The country's industrial output grew by 13.8 per cent in July, buoyed by a 63 per cent growth in capital goods output and prompting the debate whether the Reserve Bank of India (RBI) would execute another round of rate hike next week during its mid-quarter monetary policy review.
Finance Minister Pranab Mukherjee termed industrial output growth as "extremely encouraging" and said he expects full year industrial output growth to be around 12 to 13 per cent. "It indicates long run optimism on the part of Indian industry and this, once again, underlines my own optimism concerning the growth of the Indian economy."
"The government and the RBI are watching. Let us see. We will take actions as the situation demands," he said.

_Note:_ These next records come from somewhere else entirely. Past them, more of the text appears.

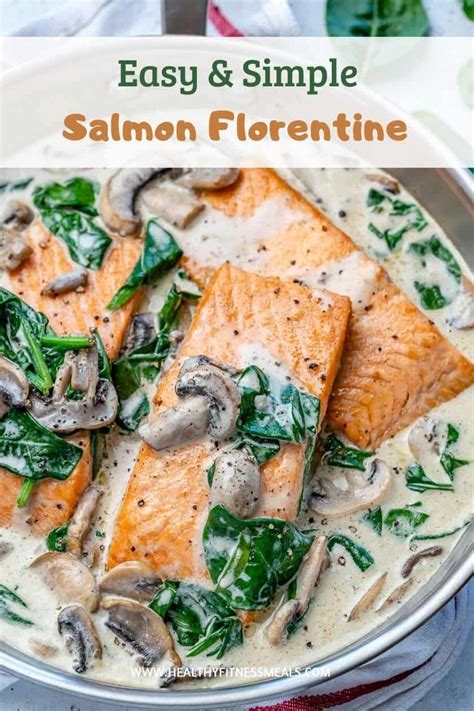 Easy Salmon Florentine | Recipe | Healthy salmon recipes, Salmon florentine recipe, Salmon ...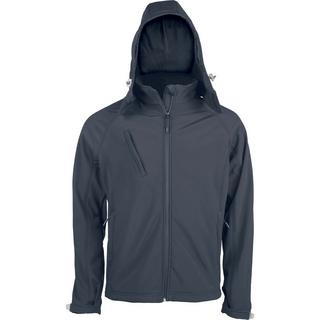 Kariban  giacca softshell à capuche aovible 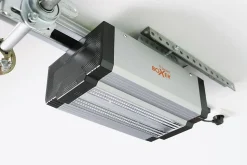 Boxer Ouvre-porte de garage WiFi 1000N modèle 5000, app smartphone, 2 télécommandes, rail 3,5 m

However, some experts cautioned that the growth was not broad-based. Only four sectors — machinery and equipments, metals and rubber, plastic and petroleum — have contributed 72 per cent to manufacturing growth in July.
"There are a large number of sectors such as apparels, man-made textiles, leather, wood and chemicals that are employment intensive but are hardly growing. I think there is a need to address now the specific issues of these sectors both in the export and domestic market to make industrial growth broad based", said Amit Mitra, secretary general, FICCI.
Manufacturing, which contributes 80 per cent of the overall industrial output, grew by 15 per cent, and consumer durables output grew at 22.1, mirroring high demand of goods such as TVs and refrigerators.